Within two days of Aldridge’s slaying, which drew national media coverage, two suspects had been arrested and charged.

Several West Englewood residents said in interviews that people often know who committed less-prominent killings.

Some residents said the “no snitch” rule that police blame for unsolved homicides applies to gang members and not to most people in the community. But they said witnesses fear cooperating with police — even anonymously — because detectives can’t assure them that they will be protected, especially if they must face the accused in court.

“People are afraid because not all of the police, [but] some of them, say you’ll be protected. But then, you open your mouth and your house get shot up,” said Clarence Franklin, 31, a former gang member and now a youth advocate for the nonprofit I Grow Chicago who has lived in West Englewood since 1996. “Snitches get stitches.”

Kenneth Johnson is the new police commander in the district that includes West Englewood. One month into the job, he said that adding officers will help but that one of the critical problems is rebuilding trust with the community. He recently sat down for dinner to discuss concerns with area residents at the Peace House, a once-abandoned home in West Englewood that is now a community center.

“I believe we had a stronger relationship with the community. And I think that has to be fostered and reestablished in order to solve crimes,” Johnson said as he arrived for the dinner in October. “We can’t do our jobs, we can’t solve crimes, clear crimes without the cooperation of the public.”


After Randall Young’s death, Campbell said she feared that the high school freshman, who was known as a volunteer who fed the homeless, might be labeled a thug or gangbanger and that no one in the city would solve his case.

So, using her walker, Campbell said she canvassed West Englewood to piece together a possible motive. She said she learned that a brewing feud between block cliques — not gangs — had escalated into gunfire over turf.

Someone alerted her to a Facebook post from a person taking credit for the killing. It said: “Yeah, we merced somebody over there,” short-handing the word “mercenary” as street slang for getting killed. She shared that information with detectives.

Moments before her son was shot six times, he had been at a convenience store at a gas station in the neighborhood with several friends. One of them later told her that the person who killed her son may have been in the store as well. She called police and told them the store had a video camera.

She then contacted the store owner, who confirmed that he was recording that night but warned her that he typically kept the footage only one week.

Days later, she checked back with the detective.

“Did y’all go up there and get the tape?” she said she asked. “He was like, ‘No, we haven’t sent nobody yet.’ ”

Seven weeks passed before Campbell heard again from police: They had sent someone to the store, but it was too late. The video was gone, she said.
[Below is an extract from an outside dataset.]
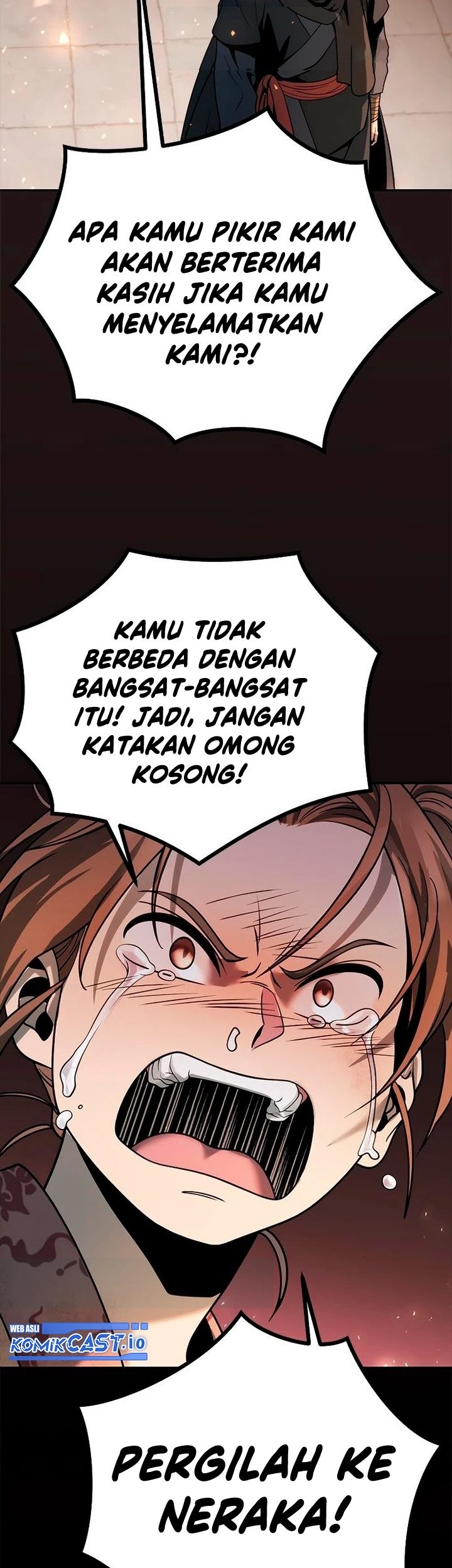 Halaman 142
“Almost seven weeks later, he said, ‘We sent a team out there, and there was nothing there,’ ” Campbell recalls being told. “Really? Really?”

Campbell said she’s still hopeful that her son’s killing will be solved, but it’s been three months since she spoke with detectives. She recalled something one of the detectives had said to her.

“Once he told me, everybody look at them shows like ‘48 Hours.’ It’s not like that. That’s what he told me,” Campbell said. “I said I wish it was because at least they’re going out, trying.”

Lowery and Rich reported from Washington. Adeshina Emmanuel in Chicago contributed to this report.